I have this text:
start start word word word end
and this regex with flag gm
:
start.*?end
In my understanding the lazy quantifier *?
should limit the match to only:
start word word word end
However it still matches the whole string. However if the string is:
start word word word end end
Then it works correctly. Why is that?
From https://www.regular-expressions.info/engine.html:
This is a very important point to understand: a regex engine always returns the leftmost match, even if a “better” match could be found later. When applying a regex to a string, the engine starts at the first character of the string. It tries all possible permutations of the regular expression at the first character. Only if all possibilities have been tried and found to fail, does the engine continue with the second character in the text. Again, it tries all possible permutations of the regex, in exactly the same order. The result is that the regex engine returns the leftmost match.

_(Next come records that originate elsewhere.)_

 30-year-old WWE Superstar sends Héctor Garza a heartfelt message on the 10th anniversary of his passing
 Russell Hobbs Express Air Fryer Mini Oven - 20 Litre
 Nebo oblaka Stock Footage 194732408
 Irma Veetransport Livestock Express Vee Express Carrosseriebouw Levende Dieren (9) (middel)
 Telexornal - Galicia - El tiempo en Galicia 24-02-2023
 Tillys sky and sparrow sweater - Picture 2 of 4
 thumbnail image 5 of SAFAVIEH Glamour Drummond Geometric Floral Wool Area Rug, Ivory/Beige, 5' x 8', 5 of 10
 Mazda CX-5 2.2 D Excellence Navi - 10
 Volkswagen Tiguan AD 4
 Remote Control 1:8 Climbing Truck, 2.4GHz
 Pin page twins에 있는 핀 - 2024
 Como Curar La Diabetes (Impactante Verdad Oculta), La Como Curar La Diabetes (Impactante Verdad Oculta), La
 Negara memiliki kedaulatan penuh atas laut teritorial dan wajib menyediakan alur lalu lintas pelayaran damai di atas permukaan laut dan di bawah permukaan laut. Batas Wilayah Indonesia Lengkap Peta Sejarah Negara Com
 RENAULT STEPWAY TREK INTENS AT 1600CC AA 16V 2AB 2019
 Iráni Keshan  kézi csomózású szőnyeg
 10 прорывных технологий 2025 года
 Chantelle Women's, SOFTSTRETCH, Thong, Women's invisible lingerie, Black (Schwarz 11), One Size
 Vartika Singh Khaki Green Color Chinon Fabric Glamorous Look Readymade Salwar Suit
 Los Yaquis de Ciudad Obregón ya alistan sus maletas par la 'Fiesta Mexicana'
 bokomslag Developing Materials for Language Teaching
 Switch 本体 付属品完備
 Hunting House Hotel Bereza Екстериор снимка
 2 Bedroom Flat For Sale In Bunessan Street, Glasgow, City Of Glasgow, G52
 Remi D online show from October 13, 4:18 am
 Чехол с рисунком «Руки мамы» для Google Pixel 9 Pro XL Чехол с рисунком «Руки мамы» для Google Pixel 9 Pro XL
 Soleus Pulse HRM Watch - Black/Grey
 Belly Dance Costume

There is a related "leftmost longest" rule, which not all regex engines use.
For example the POSIX Regular Expressions definition, under "matched" says:
The search for a matching sequence starts at the beginning of a string and stops when the first sequence matching the expression is found, where first is defined to mean "begins earliest in the string". If the pattern permits a variable number of matching characters and thus there is more than one such sequence starting at that point, the longest such sequence will be matched. For example: the BRE bb* matches the second to fourth characters of abbbc, and the ERE (wee|week)(knights|night) matches all ten characters of weeknights.
$ echo hello | grep -Eo 'hel|hell|hello'
hello
$ echo hello | grep -Eo 'hell|hello|hel'
hello
In contrast, Perl tries alternations from left to right and chooses the first that matches:
$ echo hello | grep -Po 'hel|hell|hello'
hel
$ echo hello | grep -Po 'hell|hello|hel'
hell